[Stored data]
^^^^
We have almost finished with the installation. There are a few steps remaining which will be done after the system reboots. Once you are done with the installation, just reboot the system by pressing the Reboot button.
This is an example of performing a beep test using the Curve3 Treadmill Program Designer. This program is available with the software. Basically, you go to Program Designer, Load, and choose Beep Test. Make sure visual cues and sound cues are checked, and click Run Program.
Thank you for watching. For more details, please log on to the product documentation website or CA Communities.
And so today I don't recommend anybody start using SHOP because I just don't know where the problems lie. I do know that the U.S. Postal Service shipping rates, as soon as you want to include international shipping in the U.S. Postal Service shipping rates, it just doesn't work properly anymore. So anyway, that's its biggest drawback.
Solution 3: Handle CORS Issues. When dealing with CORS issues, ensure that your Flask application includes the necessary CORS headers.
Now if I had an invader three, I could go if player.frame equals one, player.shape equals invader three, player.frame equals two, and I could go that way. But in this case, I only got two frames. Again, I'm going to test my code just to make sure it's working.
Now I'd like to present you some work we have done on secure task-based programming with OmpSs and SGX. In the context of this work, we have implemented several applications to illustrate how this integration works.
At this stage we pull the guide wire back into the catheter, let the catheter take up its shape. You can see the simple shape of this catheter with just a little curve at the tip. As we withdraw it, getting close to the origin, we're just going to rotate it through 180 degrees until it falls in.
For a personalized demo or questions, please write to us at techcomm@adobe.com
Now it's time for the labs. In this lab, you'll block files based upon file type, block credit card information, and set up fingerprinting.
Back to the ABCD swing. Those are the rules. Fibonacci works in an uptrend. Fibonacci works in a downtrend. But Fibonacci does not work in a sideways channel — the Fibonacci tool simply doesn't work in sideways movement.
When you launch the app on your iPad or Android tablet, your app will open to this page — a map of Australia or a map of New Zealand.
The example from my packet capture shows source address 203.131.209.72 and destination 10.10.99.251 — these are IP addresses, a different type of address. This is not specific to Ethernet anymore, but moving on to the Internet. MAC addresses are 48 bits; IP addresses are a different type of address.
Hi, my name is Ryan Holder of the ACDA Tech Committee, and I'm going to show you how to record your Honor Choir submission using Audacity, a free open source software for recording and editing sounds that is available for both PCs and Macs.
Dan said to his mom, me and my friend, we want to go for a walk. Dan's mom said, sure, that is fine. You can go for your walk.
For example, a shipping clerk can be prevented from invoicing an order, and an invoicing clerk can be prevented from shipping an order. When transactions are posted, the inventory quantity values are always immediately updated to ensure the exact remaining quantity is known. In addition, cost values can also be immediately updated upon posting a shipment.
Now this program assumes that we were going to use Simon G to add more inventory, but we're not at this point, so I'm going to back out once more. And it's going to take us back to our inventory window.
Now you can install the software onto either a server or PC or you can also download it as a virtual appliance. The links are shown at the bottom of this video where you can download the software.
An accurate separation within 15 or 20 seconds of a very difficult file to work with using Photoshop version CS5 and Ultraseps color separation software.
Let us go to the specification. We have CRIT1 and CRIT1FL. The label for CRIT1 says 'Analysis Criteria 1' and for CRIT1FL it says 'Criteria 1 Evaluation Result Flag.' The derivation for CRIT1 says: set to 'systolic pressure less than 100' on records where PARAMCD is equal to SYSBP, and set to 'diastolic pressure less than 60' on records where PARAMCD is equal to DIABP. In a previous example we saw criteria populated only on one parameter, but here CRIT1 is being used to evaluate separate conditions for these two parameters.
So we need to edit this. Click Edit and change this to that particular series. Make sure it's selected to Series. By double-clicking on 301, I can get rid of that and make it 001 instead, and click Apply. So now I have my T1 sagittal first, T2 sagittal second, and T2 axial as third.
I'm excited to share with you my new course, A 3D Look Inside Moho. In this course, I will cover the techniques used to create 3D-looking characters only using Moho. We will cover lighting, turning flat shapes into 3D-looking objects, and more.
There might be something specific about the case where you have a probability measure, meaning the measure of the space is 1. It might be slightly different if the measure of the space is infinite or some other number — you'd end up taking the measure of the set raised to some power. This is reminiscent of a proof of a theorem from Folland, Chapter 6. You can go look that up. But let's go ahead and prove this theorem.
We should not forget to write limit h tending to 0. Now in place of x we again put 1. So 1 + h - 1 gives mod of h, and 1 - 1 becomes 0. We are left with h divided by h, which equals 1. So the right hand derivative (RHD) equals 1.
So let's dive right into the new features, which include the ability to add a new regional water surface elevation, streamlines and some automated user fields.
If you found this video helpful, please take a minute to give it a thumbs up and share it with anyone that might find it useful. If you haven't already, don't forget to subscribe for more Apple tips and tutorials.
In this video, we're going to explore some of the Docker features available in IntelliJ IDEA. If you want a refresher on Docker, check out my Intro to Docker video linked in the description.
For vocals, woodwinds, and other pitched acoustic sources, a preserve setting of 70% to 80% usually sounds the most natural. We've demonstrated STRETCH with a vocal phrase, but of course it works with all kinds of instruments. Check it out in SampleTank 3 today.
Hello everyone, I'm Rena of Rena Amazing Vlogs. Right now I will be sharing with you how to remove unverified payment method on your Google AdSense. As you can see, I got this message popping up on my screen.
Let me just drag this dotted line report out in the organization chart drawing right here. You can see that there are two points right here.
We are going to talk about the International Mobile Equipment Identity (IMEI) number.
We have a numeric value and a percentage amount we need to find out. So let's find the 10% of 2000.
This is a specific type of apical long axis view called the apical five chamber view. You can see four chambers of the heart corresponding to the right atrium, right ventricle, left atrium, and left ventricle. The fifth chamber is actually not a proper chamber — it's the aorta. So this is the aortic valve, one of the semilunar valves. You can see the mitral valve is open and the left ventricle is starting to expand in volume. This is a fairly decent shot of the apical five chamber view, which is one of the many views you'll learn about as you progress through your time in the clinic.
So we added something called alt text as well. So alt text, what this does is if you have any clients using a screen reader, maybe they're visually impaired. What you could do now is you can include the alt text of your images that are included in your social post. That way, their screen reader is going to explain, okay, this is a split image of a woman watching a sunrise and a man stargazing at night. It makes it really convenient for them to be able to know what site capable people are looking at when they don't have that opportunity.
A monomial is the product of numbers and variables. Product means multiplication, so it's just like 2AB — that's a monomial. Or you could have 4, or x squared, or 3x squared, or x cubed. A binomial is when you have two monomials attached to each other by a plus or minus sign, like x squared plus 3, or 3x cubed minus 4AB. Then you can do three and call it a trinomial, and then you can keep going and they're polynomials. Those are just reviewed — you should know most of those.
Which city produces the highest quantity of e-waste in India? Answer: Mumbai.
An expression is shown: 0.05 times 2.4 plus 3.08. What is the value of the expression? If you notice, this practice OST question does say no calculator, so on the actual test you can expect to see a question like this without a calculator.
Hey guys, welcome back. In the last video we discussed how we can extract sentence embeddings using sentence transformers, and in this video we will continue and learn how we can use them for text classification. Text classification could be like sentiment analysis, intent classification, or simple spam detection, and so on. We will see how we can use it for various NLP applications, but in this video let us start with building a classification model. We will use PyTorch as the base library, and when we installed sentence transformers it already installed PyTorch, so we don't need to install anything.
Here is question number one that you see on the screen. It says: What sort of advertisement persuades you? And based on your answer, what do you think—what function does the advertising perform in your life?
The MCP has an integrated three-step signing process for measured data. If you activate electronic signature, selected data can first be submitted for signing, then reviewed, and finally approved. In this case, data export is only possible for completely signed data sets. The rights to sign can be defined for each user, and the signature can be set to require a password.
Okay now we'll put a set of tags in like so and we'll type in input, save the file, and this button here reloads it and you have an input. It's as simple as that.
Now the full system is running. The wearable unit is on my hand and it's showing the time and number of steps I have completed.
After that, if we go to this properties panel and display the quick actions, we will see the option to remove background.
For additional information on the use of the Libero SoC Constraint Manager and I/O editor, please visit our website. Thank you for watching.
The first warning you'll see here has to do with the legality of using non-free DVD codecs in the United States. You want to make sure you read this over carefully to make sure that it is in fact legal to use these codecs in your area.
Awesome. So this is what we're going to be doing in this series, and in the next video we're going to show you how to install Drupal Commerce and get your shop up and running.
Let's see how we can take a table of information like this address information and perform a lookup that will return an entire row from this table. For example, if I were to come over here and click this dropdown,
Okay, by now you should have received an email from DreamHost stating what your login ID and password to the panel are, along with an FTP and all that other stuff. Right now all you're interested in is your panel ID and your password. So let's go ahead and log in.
^^^^
State how many lines in the entries above include the word "were"; reply with the number alone.

2